**Exercise input**:
--------------------------------

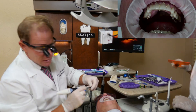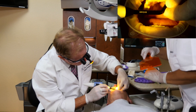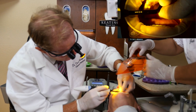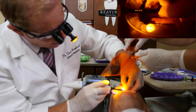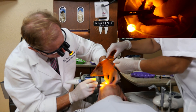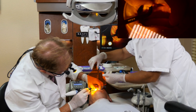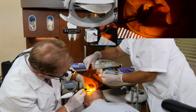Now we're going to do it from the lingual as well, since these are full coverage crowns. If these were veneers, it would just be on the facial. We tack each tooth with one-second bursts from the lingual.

--------------------------------

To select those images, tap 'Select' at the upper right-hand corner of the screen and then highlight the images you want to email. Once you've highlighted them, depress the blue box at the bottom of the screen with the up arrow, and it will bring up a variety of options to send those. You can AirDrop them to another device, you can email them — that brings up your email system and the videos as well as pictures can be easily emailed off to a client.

--------------------------------

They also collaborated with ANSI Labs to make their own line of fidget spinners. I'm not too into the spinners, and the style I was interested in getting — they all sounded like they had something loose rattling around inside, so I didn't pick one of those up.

--------------------------------

Gather from the records above every line containing the string "those".

**Solution to the exercise**:
To select those images, tap 'Select' at the upper right-hand corner of the screen and then highlight the images you want to email. Once you've highlighted them, depress the blue box at the bottom of the screen with the up arrow, and it will bring up a variety of options to send those. You can AirDrop them to another device, you can email them — that brings up your email system and the videos as well as pictures can be easily emailed off to a client.
They also collaborated with ANSI Labs to make their own line of fidget spinners. I'm not too into the spinners, and the style I was interested in getting — they all sounded like they had something loose rattling around inside, so I didn't pick one of those up.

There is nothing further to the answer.